**Required action**
The number of lines below holding the string "Long" is the only answer wanted.

**Material for this task**
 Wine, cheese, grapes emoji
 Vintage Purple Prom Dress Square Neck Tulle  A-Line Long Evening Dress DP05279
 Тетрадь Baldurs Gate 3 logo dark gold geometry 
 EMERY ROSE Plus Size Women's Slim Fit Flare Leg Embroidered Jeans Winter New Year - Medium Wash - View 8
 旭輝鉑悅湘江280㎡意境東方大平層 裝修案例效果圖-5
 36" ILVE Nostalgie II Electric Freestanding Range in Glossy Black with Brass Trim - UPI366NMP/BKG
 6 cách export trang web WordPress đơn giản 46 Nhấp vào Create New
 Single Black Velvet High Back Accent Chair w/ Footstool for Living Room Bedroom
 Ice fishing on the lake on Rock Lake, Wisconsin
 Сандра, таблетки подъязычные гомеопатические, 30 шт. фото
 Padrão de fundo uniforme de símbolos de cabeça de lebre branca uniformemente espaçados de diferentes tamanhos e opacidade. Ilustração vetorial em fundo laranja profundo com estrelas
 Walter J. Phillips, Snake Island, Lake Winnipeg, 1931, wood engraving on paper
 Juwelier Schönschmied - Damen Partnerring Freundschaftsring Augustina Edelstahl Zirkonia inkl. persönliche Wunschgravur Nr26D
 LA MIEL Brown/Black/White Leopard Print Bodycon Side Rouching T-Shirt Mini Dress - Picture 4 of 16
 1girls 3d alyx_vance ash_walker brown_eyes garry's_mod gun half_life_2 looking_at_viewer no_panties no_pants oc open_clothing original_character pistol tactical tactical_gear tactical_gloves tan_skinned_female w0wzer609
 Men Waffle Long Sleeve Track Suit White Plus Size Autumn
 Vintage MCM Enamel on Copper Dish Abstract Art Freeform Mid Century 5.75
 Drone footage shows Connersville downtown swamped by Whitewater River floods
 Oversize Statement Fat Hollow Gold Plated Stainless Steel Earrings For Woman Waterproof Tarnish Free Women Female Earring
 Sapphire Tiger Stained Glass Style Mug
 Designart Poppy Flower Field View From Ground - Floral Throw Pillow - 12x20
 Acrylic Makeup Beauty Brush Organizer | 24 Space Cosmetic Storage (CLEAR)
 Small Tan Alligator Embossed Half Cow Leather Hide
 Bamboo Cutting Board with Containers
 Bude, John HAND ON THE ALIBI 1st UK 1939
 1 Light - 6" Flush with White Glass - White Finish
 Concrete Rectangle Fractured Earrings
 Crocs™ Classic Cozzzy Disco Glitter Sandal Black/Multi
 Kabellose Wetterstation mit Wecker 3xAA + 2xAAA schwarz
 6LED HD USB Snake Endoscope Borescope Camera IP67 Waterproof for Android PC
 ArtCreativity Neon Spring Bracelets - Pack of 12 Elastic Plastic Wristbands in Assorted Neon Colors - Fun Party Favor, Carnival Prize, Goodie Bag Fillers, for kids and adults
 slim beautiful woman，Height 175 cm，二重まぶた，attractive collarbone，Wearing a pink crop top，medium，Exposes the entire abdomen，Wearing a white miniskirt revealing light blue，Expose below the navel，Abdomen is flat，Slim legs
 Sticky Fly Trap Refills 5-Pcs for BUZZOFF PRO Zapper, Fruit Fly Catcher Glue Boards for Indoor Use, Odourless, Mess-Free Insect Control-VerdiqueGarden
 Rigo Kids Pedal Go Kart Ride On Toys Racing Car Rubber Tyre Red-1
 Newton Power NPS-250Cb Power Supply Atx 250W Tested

**Response below**
2